La diferencia entre el independentismo catalán y la izquierda española es que entre Adriana Lastra y Santiago Abascal siempre escogerá a la buena gente    

Una parte del independentismo catalán encarcelado y exiliado, el que representa ERC, ese del que no hace demasiado abjuraba Pedro Sánchez y contra la dependencia parlamentaria del cual y de los ex-nuevos bárbaros de izquierda, o sea, Podemos, organizó las últimas elecciones en connivencia con ese deep state desbocado que ahora lo ha puesto en el centro de la dianasalvará este martes a Sánchez al borde del precipicio. También salvará el sueño de Pablo Iglesias, e incluso del comunista Alberto Garzón, de sentarse en el Consejo de Ministros. España ―si no hay tamayazo en la segunda vuelta de la votación de investidura― tendrá su primer gobierno de coalición en la historia reciente, de centro-izquierda e izquierda, (al parecer) socialdemócrata, gracias al independentismo catalán de izquierdas, como antes tuvo gobiernos del PSOE y del PP gracias al nacionalismo catalán de centro y derecha. Gabriel Rufián no es Duran i Lleida, pero, para entendernos, se va pareciendo a Miquel Roca.

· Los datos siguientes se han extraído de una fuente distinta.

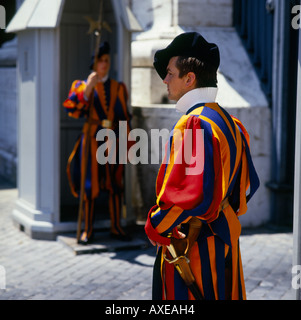 Zwei Schweizer Garde in ihren traditionellen roten gelben und blauen Uniformen im Dienst im Vatikan in Rom Italien Stockfoto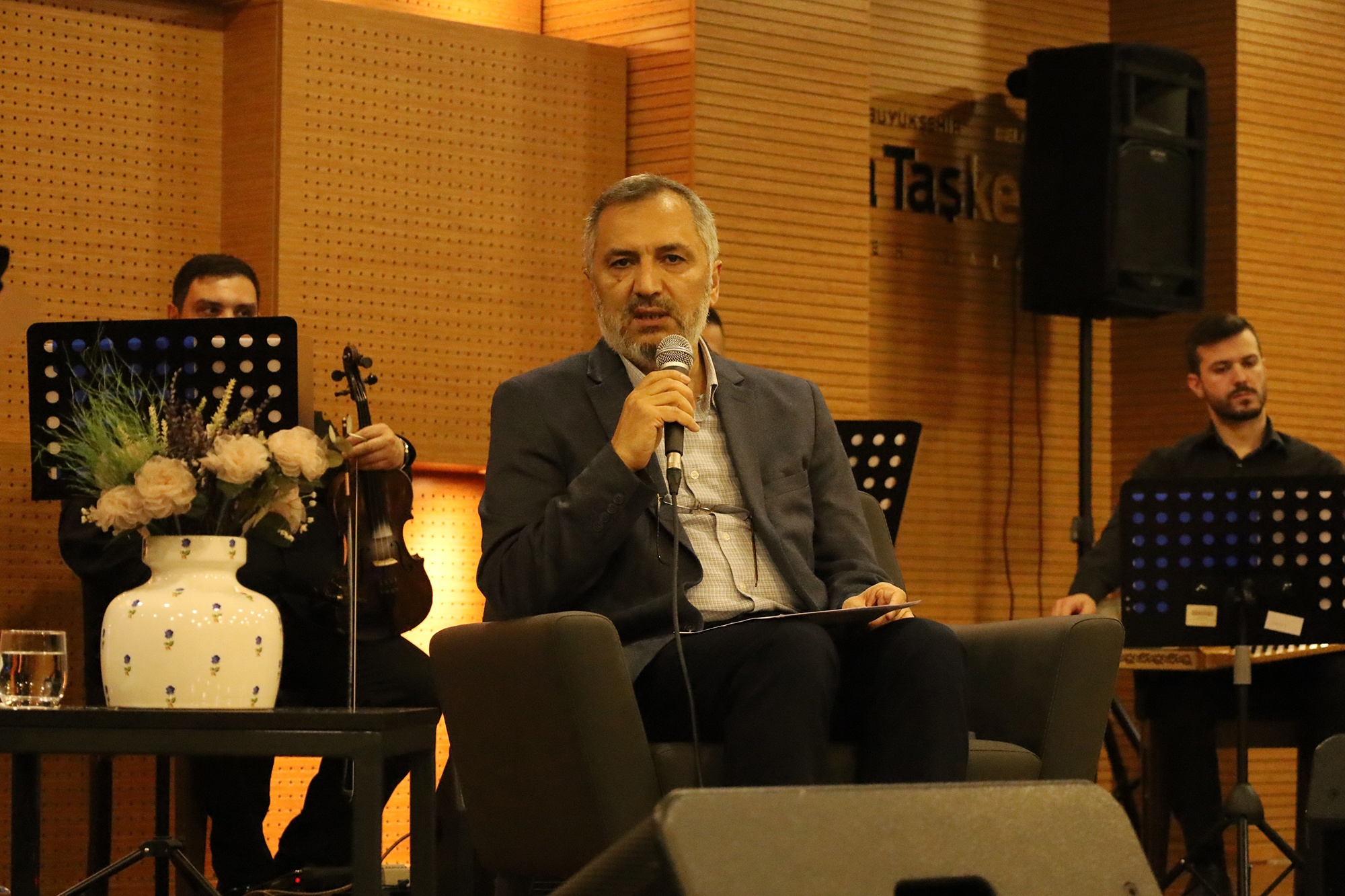Vuslatın 751. yıl dönümünde yüreklere dokunan program: Mevlevi tınıları ile Mevlana’nın aşkı gönüllere dokundu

El día que Catalunya pierda la fe de Kierkegaard, la de creer aunque sea en un Pedro Sánchez, entonces sí, España se irá a la mierda

La otra parte del independentismo catalán encarcelado y exiliado, la que representan JxCat y la CUP, no va a votar a favor de Sánchez, de entrada, porque nunca conviene poner todos los huevos en el mismo cesto y menos aún cuando el cesto tiene el culo roto; y, en último término, porque, aritméticamente, tampoco hace falta. Es una manera de rehuir el dilema, la elección binaria, a todo o nada, y sin recibir (casi) nada a cambio, mientras tanto. De una u otra manera, al independentismo ―en general el catalanismo político― siempre se le pone entre la espada y la pared, entre la España feroz de Santiago Abascal y la eterna promesa de Adriana Lastra. La diferencia entre el independentismo catalán, quiera jugar la partida o mirarla desde la barrera, y la izquierda española, es que entre la España de Adriana Lastra y la de Santiago Abascal siempre escogerá a la buena gente. Y así se salvan. El día que eso deje de pasar, el día que Catalunya pierda la fe de Kierkegaard, la de creer aunque sea en un Pedro Sánchez, entonces sí, España se irá a la mierda.